DIRECTIONS
Report every line of the records below that includes the string "plank".

EXERCISE DATA Start Marker

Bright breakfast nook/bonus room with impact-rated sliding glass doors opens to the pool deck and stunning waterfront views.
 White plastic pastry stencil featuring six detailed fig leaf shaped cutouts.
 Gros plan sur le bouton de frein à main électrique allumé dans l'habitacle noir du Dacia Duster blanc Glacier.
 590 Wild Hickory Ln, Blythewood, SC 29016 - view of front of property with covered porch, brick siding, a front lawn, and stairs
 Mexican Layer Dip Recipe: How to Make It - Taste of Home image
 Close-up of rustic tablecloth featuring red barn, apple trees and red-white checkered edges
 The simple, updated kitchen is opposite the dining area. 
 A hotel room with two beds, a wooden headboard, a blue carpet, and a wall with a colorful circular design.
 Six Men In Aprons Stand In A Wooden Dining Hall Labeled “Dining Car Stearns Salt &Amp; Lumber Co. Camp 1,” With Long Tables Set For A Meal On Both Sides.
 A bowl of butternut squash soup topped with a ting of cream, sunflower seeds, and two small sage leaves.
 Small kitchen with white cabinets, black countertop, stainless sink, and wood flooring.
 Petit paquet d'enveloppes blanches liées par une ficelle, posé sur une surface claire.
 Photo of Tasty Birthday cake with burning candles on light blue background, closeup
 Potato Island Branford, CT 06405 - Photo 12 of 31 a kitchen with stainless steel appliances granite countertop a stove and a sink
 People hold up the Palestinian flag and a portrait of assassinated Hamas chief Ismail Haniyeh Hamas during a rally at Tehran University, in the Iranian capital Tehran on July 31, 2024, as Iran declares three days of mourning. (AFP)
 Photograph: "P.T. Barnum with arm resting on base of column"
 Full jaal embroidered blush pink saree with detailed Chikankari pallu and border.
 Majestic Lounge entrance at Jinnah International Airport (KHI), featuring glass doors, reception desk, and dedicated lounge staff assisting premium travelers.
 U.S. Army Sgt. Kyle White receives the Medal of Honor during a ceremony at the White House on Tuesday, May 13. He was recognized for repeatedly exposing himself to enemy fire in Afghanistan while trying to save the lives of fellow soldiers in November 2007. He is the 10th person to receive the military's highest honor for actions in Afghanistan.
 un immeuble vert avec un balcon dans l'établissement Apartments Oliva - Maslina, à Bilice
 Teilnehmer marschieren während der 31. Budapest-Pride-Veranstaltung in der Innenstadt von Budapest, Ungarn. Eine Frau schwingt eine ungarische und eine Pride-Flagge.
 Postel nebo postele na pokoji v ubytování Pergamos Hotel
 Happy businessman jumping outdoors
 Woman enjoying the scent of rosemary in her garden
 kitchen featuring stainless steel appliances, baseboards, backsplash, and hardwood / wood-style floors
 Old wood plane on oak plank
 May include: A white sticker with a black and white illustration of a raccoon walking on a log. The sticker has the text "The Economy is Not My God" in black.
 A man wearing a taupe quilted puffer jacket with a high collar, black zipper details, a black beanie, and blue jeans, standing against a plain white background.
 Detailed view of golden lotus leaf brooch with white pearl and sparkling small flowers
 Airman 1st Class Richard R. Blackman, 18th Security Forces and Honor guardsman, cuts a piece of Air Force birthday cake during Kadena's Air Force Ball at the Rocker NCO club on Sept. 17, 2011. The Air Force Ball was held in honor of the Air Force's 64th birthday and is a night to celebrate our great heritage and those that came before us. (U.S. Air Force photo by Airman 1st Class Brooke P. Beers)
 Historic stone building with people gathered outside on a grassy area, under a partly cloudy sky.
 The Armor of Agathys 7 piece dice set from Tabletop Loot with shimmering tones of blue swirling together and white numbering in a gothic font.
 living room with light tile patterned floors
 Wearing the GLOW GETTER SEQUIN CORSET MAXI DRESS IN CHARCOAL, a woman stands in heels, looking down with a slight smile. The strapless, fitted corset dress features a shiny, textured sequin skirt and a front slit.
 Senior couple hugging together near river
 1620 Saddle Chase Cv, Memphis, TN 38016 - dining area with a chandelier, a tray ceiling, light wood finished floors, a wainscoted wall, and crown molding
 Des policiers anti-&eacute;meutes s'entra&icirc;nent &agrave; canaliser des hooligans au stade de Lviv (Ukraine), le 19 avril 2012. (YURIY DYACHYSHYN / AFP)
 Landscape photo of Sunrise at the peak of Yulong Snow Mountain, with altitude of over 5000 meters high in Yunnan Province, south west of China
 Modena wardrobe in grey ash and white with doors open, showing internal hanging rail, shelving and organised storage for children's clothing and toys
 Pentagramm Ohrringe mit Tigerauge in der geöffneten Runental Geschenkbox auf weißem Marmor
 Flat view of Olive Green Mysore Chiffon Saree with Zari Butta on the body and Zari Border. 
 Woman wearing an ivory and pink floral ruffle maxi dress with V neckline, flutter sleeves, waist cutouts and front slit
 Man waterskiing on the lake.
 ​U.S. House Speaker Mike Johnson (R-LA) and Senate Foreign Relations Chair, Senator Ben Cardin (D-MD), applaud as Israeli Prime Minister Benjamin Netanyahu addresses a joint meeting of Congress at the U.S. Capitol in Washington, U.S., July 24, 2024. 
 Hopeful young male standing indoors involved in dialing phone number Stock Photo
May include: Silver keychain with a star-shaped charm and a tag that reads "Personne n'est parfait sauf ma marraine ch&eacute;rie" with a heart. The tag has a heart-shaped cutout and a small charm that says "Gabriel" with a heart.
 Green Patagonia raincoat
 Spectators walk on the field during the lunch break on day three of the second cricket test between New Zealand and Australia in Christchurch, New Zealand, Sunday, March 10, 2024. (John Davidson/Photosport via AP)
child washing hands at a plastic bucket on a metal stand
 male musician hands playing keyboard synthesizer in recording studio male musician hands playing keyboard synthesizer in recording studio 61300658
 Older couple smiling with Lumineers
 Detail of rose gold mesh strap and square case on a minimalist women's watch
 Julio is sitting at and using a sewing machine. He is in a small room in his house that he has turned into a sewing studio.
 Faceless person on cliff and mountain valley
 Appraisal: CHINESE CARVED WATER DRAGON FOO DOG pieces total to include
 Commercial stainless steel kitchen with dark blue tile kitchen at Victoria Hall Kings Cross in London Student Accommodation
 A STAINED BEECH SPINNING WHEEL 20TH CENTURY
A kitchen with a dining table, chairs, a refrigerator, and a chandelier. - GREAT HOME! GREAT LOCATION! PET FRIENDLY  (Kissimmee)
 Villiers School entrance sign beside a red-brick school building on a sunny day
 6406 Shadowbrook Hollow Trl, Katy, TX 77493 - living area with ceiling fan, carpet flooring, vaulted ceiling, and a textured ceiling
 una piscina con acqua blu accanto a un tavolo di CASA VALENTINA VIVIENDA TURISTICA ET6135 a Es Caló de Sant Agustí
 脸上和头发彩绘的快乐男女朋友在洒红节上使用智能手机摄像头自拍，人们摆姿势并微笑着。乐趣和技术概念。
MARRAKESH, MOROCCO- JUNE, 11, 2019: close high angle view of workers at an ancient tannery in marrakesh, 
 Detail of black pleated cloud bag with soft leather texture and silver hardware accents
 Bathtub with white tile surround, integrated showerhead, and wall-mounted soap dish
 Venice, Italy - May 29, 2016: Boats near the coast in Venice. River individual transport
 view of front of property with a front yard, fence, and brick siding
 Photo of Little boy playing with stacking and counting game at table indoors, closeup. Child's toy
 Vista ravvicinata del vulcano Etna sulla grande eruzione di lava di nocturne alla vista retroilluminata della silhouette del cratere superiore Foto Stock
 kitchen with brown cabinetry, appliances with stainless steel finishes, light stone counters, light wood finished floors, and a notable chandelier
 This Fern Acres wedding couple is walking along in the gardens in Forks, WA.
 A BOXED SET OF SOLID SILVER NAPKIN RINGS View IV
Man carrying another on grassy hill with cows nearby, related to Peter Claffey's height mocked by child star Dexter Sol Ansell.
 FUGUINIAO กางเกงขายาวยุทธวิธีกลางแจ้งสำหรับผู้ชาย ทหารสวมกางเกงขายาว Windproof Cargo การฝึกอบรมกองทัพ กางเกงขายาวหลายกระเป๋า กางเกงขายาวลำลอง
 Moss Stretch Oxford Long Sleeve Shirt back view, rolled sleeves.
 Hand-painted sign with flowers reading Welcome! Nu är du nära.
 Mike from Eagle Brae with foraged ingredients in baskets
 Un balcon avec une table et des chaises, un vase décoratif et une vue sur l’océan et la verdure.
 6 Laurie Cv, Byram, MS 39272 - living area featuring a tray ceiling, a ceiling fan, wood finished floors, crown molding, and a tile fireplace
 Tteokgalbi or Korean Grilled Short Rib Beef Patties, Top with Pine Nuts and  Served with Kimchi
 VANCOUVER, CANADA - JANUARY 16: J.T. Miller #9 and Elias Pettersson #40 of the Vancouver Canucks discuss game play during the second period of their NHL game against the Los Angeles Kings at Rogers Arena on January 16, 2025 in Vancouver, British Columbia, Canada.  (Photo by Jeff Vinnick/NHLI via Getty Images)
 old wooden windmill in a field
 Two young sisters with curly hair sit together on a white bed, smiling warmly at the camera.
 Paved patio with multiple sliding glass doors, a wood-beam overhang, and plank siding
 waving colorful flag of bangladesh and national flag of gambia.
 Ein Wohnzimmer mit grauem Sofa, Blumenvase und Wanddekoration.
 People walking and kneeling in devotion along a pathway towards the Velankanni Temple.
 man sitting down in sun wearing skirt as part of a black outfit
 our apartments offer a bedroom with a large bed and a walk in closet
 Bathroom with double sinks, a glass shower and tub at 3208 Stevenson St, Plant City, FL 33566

EXERCISE DATA End Marker

ANSWER SECTION
 Old wood plane on oak plank
 Paved patio with multiple sliding glass doors, a wood-beam overhang, and plank siding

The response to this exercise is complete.